* DATA SECTION
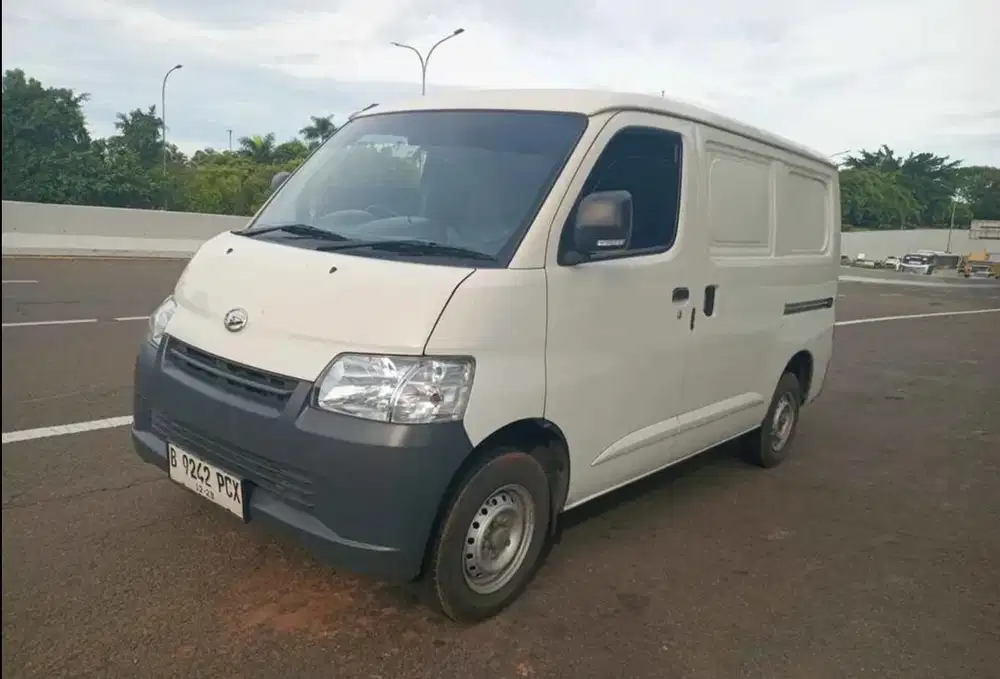 Grand Max Blind Van Bulanan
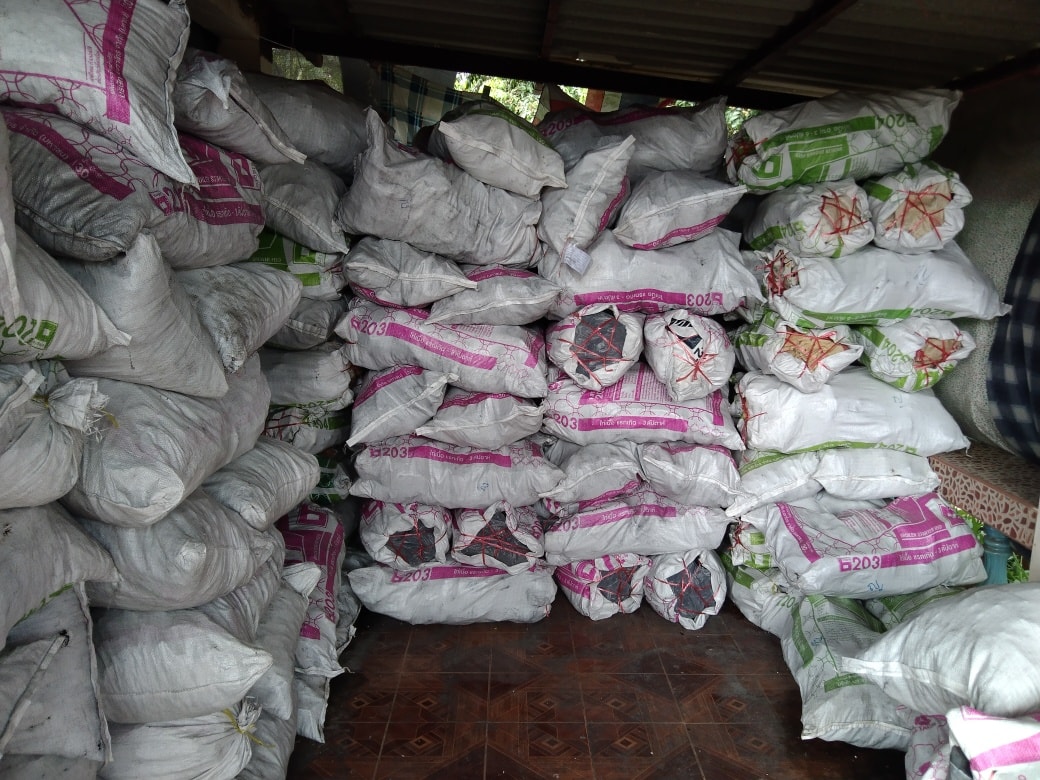 ถ่านมีไม่มากส... - ถ่านไม้ลำไย B.M.farm ลำพูน-เชียงใหม่ ส่งฟรี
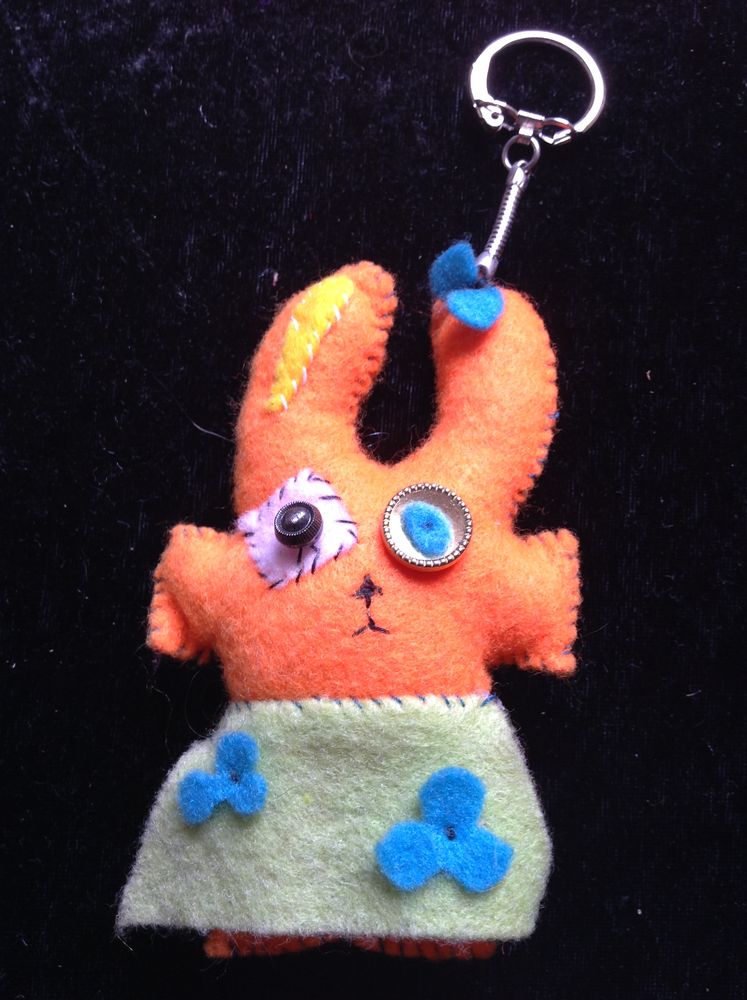 PORTE CL� PERSONNAGE ORANGE H 12cm Largeur 7cm Envoi Possibl 2 Tr�gunc (29)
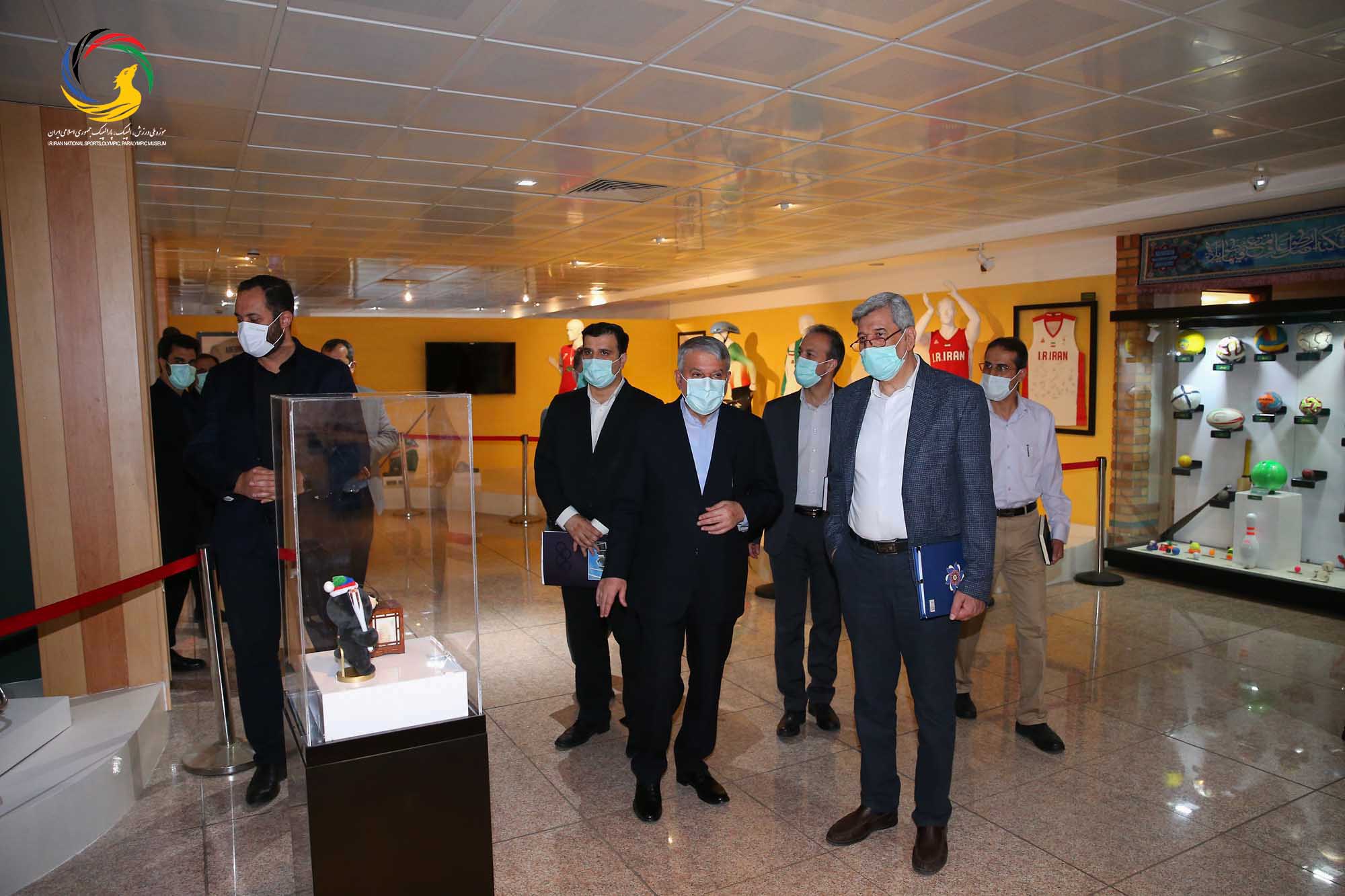 بازدید قائم مقام ریاست دانشگاه آزاد دکتر جمشید صباغ زاده در واحد علوم تحقیقات از موزه ملی ورزش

* ACTIVITY
In the listing above, retype exactly, and only, the lines from the one containing "ถ่านมีไม่มากส... - ถ่านไม้ลำไย" through the last line, both included. Omit the pictures.

* SOLUTION
 ถ่านมีไม่มากส... - ถ่านไม้ลำไย B.M.farm ลำพูน-เชียงใหม่ ส่งฟรี
 PORTE CL� PERSONNAGE ORANGE H 12cm Largeur 7cm Envoi Possibl 2 Tr�gunc (29)
 بازدید قائم مقام ریاست دانشگاه آزاد دکتر جمشید صباغ زاده در واحد علوم تحقیقات از موزه ملی ورزش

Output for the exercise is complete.